INSTRUCTIONS TO FOLLOW
Give the data again in full, exactly as written below.

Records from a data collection

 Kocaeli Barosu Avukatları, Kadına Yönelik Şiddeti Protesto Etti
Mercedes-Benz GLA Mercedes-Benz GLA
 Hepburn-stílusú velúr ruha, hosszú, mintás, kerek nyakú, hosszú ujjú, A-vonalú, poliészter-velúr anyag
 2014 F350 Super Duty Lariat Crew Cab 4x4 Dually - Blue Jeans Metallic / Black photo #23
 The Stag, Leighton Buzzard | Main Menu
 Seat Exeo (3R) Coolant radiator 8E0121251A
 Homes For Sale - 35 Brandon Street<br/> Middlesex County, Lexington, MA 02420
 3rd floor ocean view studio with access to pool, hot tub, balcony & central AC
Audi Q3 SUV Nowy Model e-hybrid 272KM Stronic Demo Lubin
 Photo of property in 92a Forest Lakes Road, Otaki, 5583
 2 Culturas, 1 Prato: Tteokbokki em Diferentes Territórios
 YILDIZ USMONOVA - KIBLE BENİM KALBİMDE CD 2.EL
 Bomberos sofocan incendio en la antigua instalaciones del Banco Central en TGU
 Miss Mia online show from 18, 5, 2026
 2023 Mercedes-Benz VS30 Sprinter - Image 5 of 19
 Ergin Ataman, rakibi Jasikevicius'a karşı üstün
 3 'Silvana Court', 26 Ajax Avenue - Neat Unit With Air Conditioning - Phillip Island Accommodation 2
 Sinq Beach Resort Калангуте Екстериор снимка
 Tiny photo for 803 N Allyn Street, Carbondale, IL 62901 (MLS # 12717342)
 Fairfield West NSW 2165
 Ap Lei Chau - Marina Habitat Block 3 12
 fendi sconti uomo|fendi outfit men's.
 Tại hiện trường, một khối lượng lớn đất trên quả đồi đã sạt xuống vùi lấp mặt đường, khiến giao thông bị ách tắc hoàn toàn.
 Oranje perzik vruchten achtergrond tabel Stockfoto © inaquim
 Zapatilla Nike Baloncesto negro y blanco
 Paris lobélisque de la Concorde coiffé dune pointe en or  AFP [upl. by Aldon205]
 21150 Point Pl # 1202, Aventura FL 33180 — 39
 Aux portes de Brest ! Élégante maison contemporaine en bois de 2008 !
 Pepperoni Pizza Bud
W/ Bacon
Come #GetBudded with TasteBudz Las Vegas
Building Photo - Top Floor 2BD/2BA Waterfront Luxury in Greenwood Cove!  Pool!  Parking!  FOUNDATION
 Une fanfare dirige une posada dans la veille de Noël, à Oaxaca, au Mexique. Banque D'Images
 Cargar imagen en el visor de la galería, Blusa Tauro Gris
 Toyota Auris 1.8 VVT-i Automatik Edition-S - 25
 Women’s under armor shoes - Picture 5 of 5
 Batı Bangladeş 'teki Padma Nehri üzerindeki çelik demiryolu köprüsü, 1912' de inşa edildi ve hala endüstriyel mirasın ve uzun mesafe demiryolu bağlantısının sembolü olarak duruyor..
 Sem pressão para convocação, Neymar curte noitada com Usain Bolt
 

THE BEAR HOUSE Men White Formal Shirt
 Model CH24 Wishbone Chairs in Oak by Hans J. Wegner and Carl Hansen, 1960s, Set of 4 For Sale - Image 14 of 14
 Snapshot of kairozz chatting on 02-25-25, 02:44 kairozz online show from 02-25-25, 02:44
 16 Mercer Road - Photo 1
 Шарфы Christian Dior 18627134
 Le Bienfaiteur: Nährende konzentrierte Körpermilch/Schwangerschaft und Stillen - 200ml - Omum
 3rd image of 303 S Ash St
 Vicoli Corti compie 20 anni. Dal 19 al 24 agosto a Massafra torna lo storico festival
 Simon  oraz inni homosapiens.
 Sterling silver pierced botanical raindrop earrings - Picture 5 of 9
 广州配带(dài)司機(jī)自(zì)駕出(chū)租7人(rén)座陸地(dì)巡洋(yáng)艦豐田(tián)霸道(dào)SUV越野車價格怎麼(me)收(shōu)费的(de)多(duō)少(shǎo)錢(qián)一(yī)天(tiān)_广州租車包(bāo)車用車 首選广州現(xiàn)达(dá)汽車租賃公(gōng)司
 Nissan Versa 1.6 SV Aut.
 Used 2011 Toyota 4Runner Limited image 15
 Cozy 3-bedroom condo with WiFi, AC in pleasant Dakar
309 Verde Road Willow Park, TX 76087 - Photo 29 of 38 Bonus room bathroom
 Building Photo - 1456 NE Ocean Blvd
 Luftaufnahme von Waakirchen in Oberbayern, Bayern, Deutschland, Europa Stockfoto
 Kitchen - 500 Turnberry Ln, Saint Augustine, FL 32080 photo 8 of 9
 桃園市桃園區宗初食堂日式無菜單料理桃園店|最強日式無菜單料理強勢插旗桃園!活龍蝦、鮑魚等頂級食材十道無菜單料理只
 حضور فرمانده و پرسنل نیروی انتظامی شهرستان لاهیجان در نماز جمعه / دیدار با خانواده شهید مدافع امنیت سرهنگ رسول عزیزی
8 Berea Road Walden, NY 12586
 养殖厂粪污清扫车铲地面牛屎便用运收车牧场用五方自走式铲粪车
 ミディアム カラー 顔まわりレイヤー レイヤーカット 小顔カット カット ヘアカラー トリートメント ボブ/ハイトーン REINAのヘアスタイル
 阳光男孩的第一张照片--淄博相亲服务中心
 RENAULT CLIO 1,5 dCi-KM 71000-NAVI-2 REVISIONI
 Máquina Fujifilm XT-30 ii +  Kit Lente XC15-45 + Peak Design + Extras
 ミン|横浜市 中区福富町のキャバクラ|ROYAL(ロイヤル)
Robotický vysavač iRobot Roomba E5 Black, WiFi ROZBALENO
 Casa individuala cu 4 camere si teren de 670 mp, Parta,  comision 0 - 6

RESPONSE AREA
 Kocaeli Barosu Avukatları, Kadına Yönelik Şiddeti Protesto Etti
Mercedes-Benz GLA Mercedes-Benz GLA
 Hepburn-stílusú velúr ruha, hosszú, mintás, kerek nyakú, hosszú ujjú, A-vonalú, poliészter-velúr anyag
 2014 F350 Super Duty Lariat Crew Cab 4x4 Dually - Blue Jeans Metallic / Black photo #23
 The Stag, Leighton Buzzard | Main Menu
 Seat Exeo (3R) Coolant radiator 8E0121251A
 Homes For Sale - 35 Brandon Street<br/> Middlesex County, Lexington, MA 02420
 3rd floor ocean view studio with access to pool, hot tub, balcony & central AC
Audi Q3 SUV Nowy Model e-hybrid 272KM Stronic Demo Lubin
 Photo of property in 92a Forest Lakes Road, Otaki, 5583
 2 Culturas, 1 Prato: Tteokbokki em Diferentes Territórios
 YILDIZ USMONOVA - KIBLE BENİM KALBİMDE CD 2.EL
 Bomberos sofocan incendio en la antigua instalaciones del Banco Central en TGU
 Miss Mia online show from 18, 5, 2026
 2023 Mercedes-Benz VS30 Sprinter - Image 5 of 19
 Ergin Ataman, rakibi Jasikevicius'a karşı üstün
 3 'Silvana Court', 26 Ajax Avenue - Neat Unit With Air Conditioning - Phillip Island Accommodation 2
 Sinq Beach Resort Калангуте Екстериор снимка
 Tiny photo for 803 N Allyn Street, Carbondale, IL 62901 (MLS # 12717342)
 Fairfield West NSW 2165
 Ap Lei Chau - Marina Habitat Block 3 12
 fendi sconti uomo|fendi outfit men's.
 Tại hiện trường, một khối lượng lớn đất trên quả đồi đã sạt xuống vùi lấp mặt đường, khiến giao thông bị ách tắc hoàn toàn.
 Oranje perzik vruchten achtergrond tabel Stockfoto © inaquim
 Zapatilla Nike Baloncesto negro y blanco
 Paris lobélisque de la Concorde coiffé dune pointe en or  AFP [upl. by Aldon205]
 21150 Point Pl # 1202, Aventura FL 33180 — 39
 Aux portes de Brest ! Élégante maison contemporaine en bois de 2008 !
 Pepperoni Pizza Bud
W/ Bacon
Come #GetBudded with TasteBudz Las Vegas
Building Photo - Top Floor 2BD/2BA Waterfront Luxury in Greenwood Cove!  Pool!  Parking!  FOUNDATION
 Une fanfare dirige une posada dans la veille de Noël, à Oaxaca, au Mexique. Banque D'Images
 Cargar imagen en el visor de la galería, Blusa Tauro Gris
 Toyota Auris 1.8 VVT-i Automatik Edition-S - 25
 Women’s under armor shoes - Picture 5 of 5
 Batı Bangladeş 'teki Padma Nehri üzerindeki çelik demiryolu köprüsü, 1912' de inşa edildi ve hala endüstriyel mirasın ve uzun mesafe demiryolu bağlantısının sembolü olarak duruyor..
 Sem pressão para convocação, Neymar curte noitada com Usain Bolt
 

THE BEAR HOUSE Men White Formal Shirt
 Model CH24 Wishbone Chairs in Oak by Hans J. Wegner and Carl Hansen, 1960s, Set of 4 For Sale - Image 14 of 14
 Snapshot of kairozz chatting on 02-25-25, 02:44 kairozz online show from 02-25-25, 02:44
 16 Mercer Road - Photo 1
 Шарфы Christian Dior 18627134
 Le Bienfaiteur: Nährende konzentrierte Körpermilch/Schwangerschaft und Stillen - 200ml - Omum
 3rd image of 303 S Ash St
 Vicoli Corti compie 20 anni. Dal 19 al 24 agosto a Massafra torna lo storico festival
 Simon  oraz inni homosapiens.
 Sterling silver pierced botanical raindrop earrings - Picture 5 of 9
 广州配带(dài)司機(jī)自(zì)駕出(chū)租7人(rén)座陸地(dì)巡洋(yáng)艦豐田(tián)霸道(dào)SUV越野車價格怎麼(me)收(shōu)费的(de)多(duō)少(shǎo)錢(qián)一(yī)天(tiān)_广州租車包(bāo)車用車 首選广州現(xiàn)达(dá)汽車租賃公(gōng)司
 Nissan Versa 1.6 SV Aut.
 Used 2011 Toyota 4Runner Limited image 15
 Cozy 3-bedroom condo with WiFi, AC in pleasant Dakar
309 Verde Road Willow Park, TX 76087 - Photo 29 of 38 Bonus room bathroom
 Building Photo - 1456 NE Ocean Blvd
 Luftaufnahme von Waakirchen in Oberbayern, Bayern, Deutschland, Europa Stockfoto
 Kitchen - 500 Turnberry Ln, Saint Augustine, FL 32080 photo 8 of 9
 桃園市桃園區宗初食堂日式無菜單料理桃園店|最強日式無菜單料理強勢插旗桃園!活龍蝦、鮑魚等頂級食材十道無菜單料理只
 حضور فرمانده و پرسنل نیروی انتظامی شهرستان لاهیجان در نماز جمعه / دیدار با خانواده شهید مدافع امنیت سرهنگ رسول عزیزی
8 Berea Road Walden, NY 12586
 养殖厂粪污清扫车铲地面牛屎便用运收车牧场用五方自走式铲粪车
 ミディアム カラー 顔まわりレイヤー レイヤーカット 小顔カット カット ヘアカラー トリートメント ボブ/ハイトーン REINAのヘアスタイル
 阳光男孩的第一张照片--淄博相亲服务中心
 RENAULT CLIO 1,5 dCi-KM 71000-NAVI-2 REVISIONI
 Máquina Fujifilm XT-30 ii +  Kit Lente XC15-45 + Peak Design + Extras
 ミン|横浜市 中区福富町のキャバクラ|ROYAL(ロイヤル)
Robotický vysavač iRobot Roomba E5 Black, WiFi ROZBALENO
 Casa individuala cu 4 camere si teren de 670 mp, Parta,  comision 0 - 6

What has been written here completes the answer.